Now the average is 25. Welcoming the folk of St Mary's to Roseworth, Joanne Thorns, the curate, says that their presence offers St Chad's the chance of a "proper" patronal festival - "a chance for loud singing and getting excited."
The gloria, reworded to fit the tune of Beethoven's Ninth, seems particularly joyful.
Joanne's sermon recounts the life of Chad, a seventh century Northumbrian saint particularly revered in the Midlands, recalls that his four brothers were also priests.
"In those days being a priest was regarded as honourable," she says. "Today most families would think their sons were mad."
She herself had been a well paid pharmacist until sufficiently moved by a sermon at St Mary's in Springwell, Sunderland - her home church - to apply for ordination training.
"It was when I realised my faith was only part time," she says.
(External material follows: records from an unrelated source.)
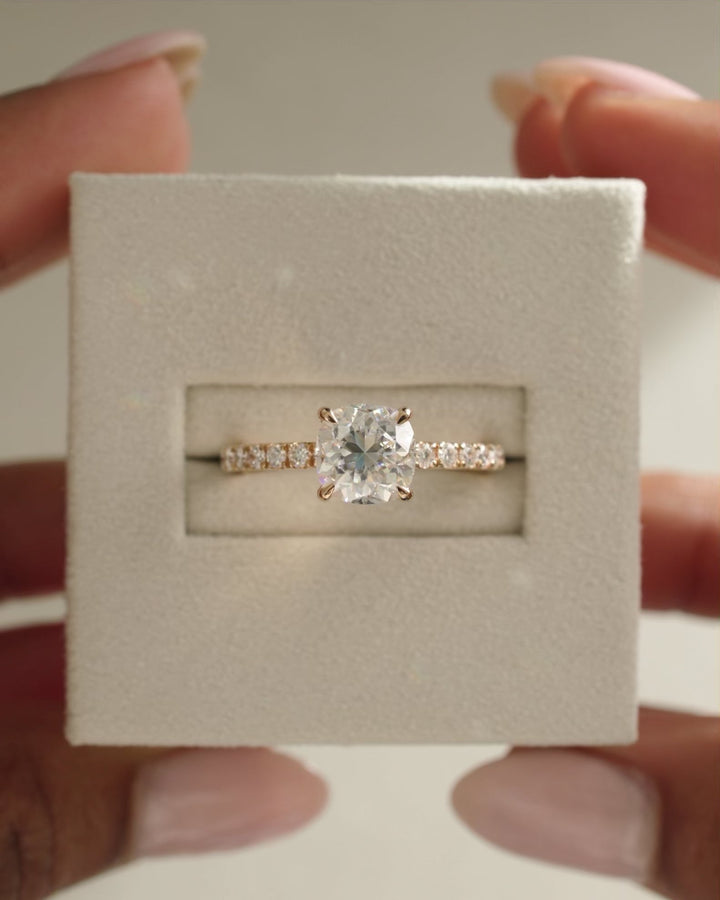 1.50ct-2.50ct Cushion Cut Lab Grown Hidden Halo Diamond Engagement Ring
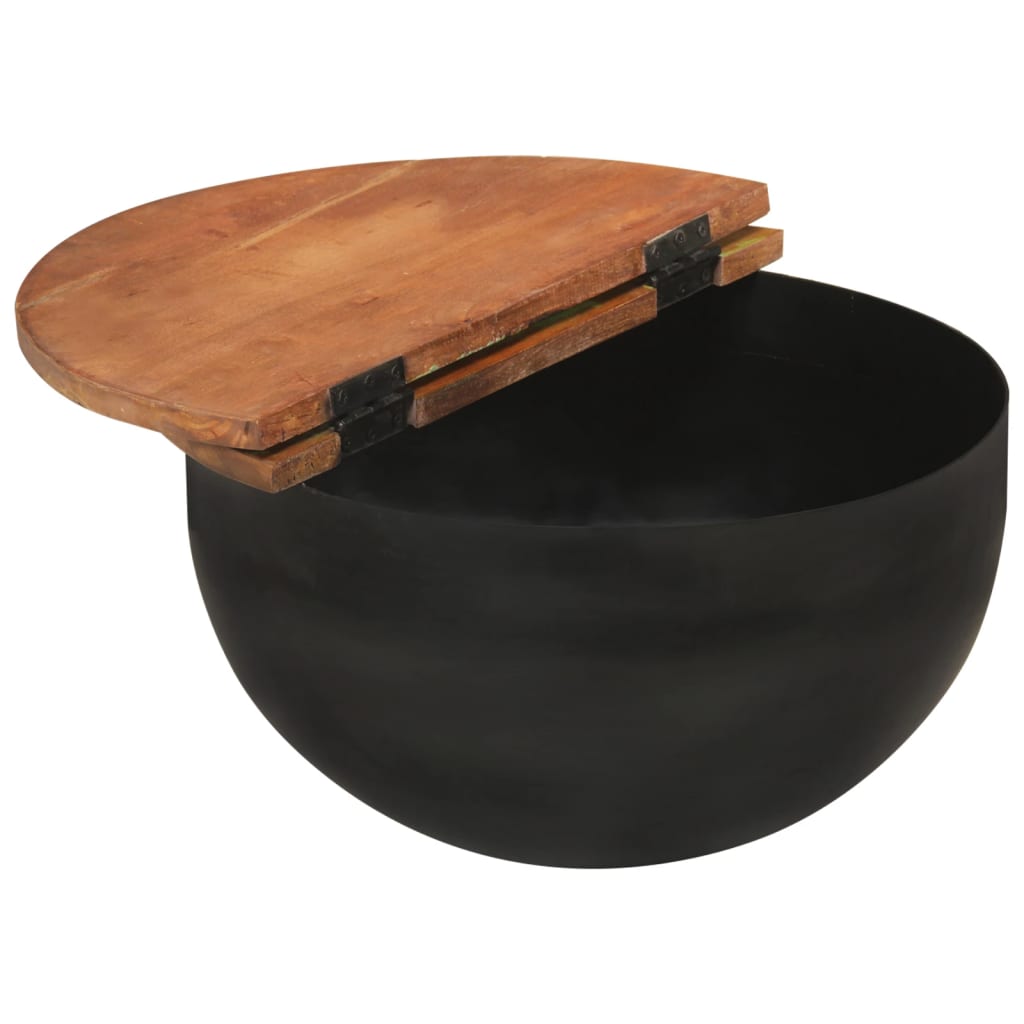 Ensemble de tables basses 2 pcs noir bois récupération massif - XIOS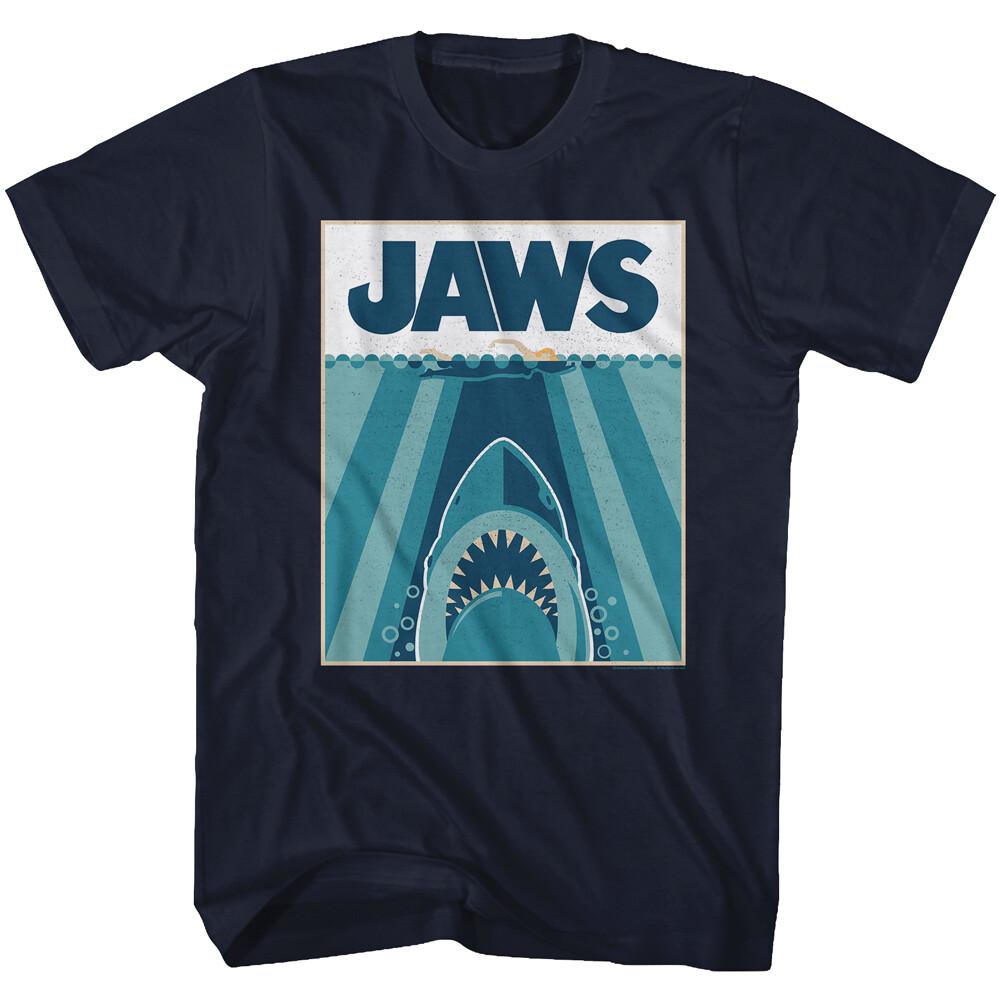 Jaws 70 s Thriller Movie Turquise Teal Stripes Shark Lurking Men s T Shirt Unisex T-Shirt S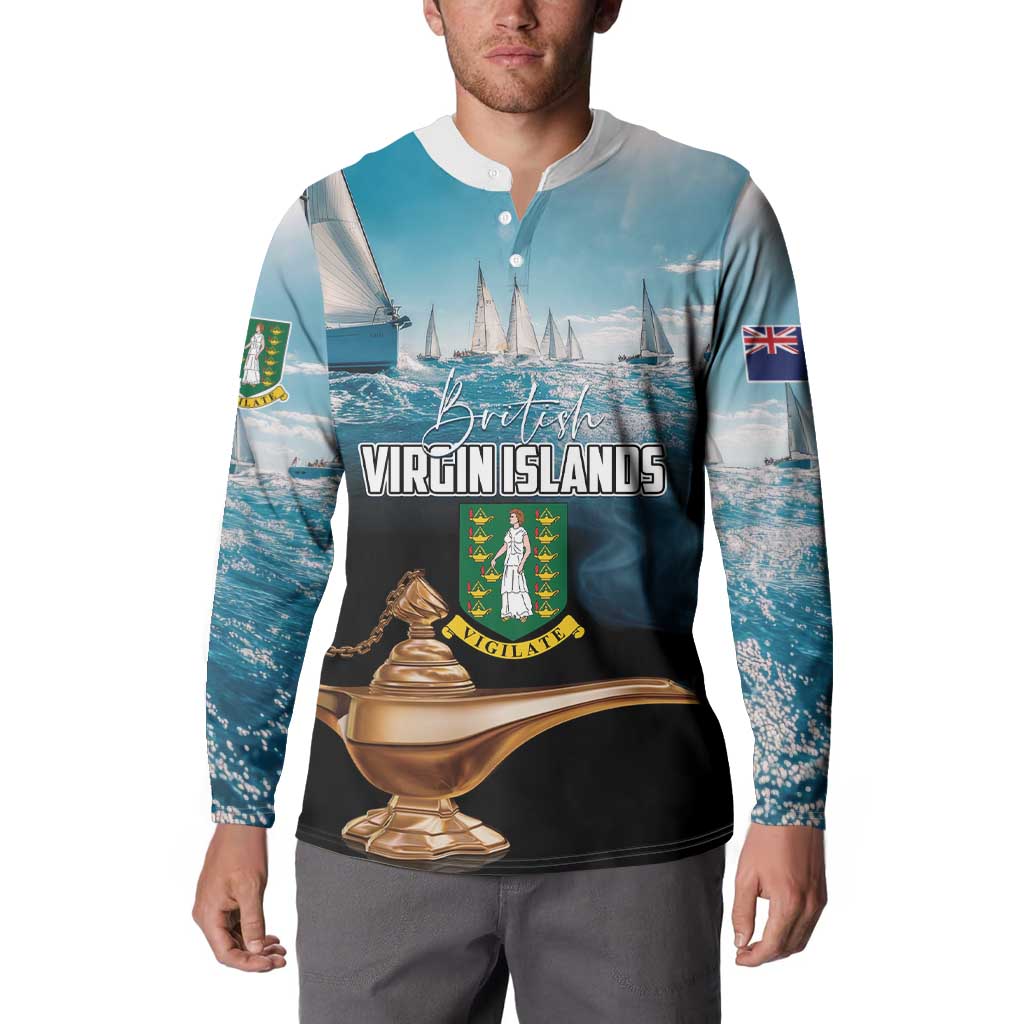Blue button sweatshirt on model with front Virgin Islands crest and golden gavel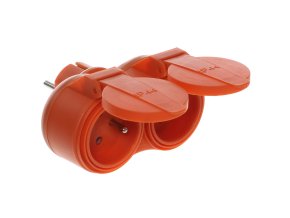 Tympol Düwi R-270P rozbočka 2 x kulatá přímá IP44 oranžová (34044)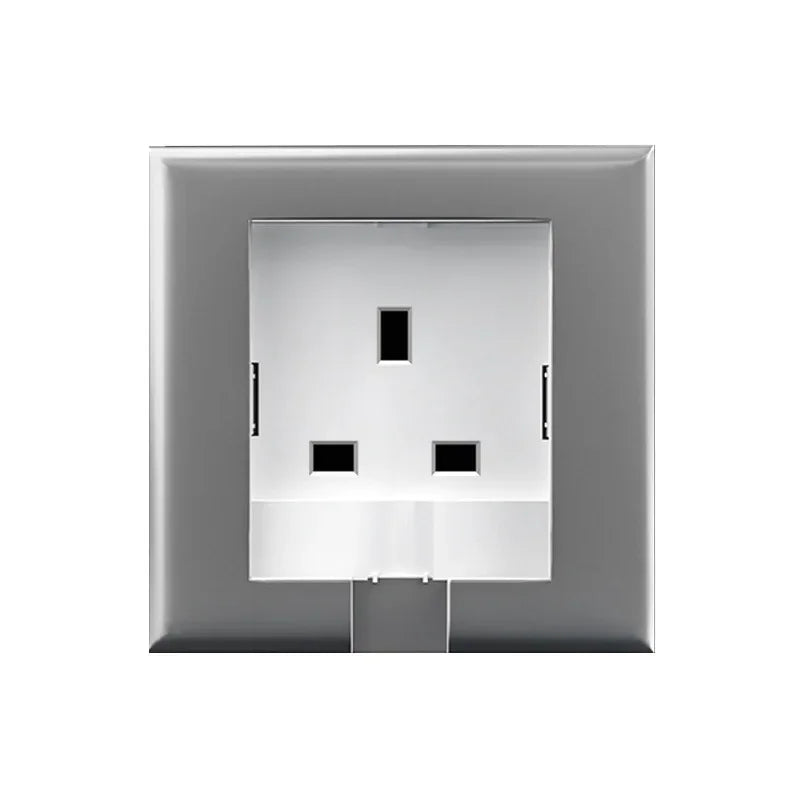 UK Plug 13A Wall Embedded Socket Panel, Hidden Wall 220V Electrical Socket, Model 86 Refrigerator Invisible Power Outlet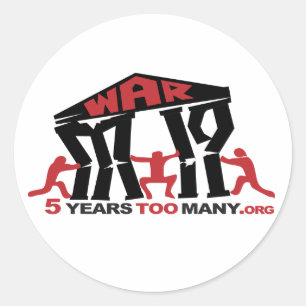 Sticker Rond 5 ans trop d'autocollant rond
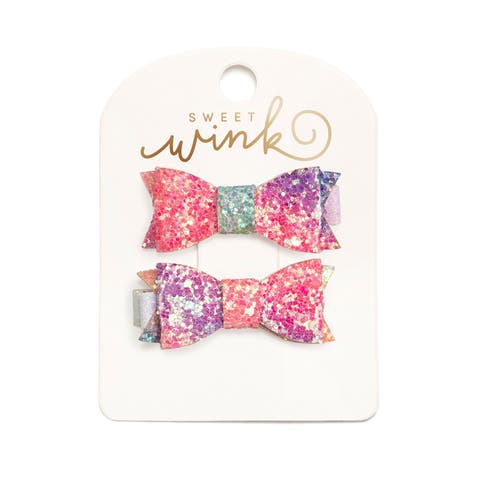 Rainbow Ombre Bow Clip Set (Toddler, Little Kid & Big Kid)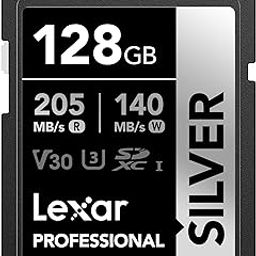 Lexar 128GB Professional Silver SDXC Memory Card, UHS-I, C10, U3, V30, 4K Video, Up to 205/140 MB/s Read/Write, for Professional Photographer, Videographer, Enthusiast (LSDSILV128G-BNNNU)-image-1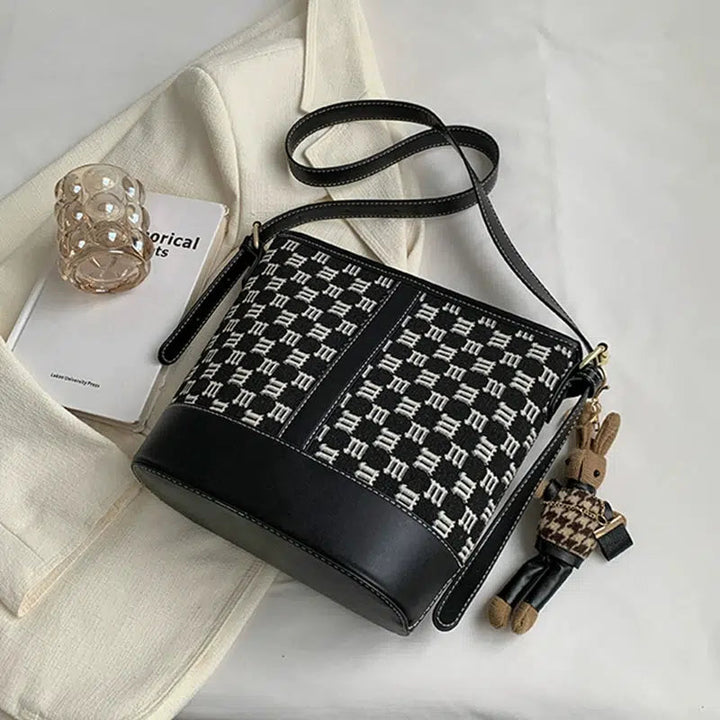 Plush Accessory Houndstooth Bucket Bag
Ironically, St Mary's in Springwell didn't endorse woman priests.
So did her own parents consider her mad? "They were very supportive but they probably did," she says. "They probably thought that it was just Joanne, and that she'd come round eventually."
Elizabeth Walker, the other robed priest, was a latecomer to the ministry. Now 61, she's been involved with St Chad's for 30 years but wasn't ordained deacon until 1994.
"It was a calling from the congregation, really," says the former social work manager who fulfils an unpaid role.
Others - Lena Routh, Millie Littlefair, Mary Clarke, Kath Williams - have attended St Chad's since it was consecrated and remain wholly faithful to it.
All agree that Roseworth is still a good place to live, save for the problem of what Joanna Thorns calls "disaffected" youths.
"You see some estates which have gone down but this one has kept its appearance, is clean and the people are lovely," says Elizabeth Walker.
"The church has started to flourish again since Joanne came here."
After the service there's a splendid spread and a convivial gathering. Paul Walker's off straight away to baptise babies at Norton - but he's made his mark already.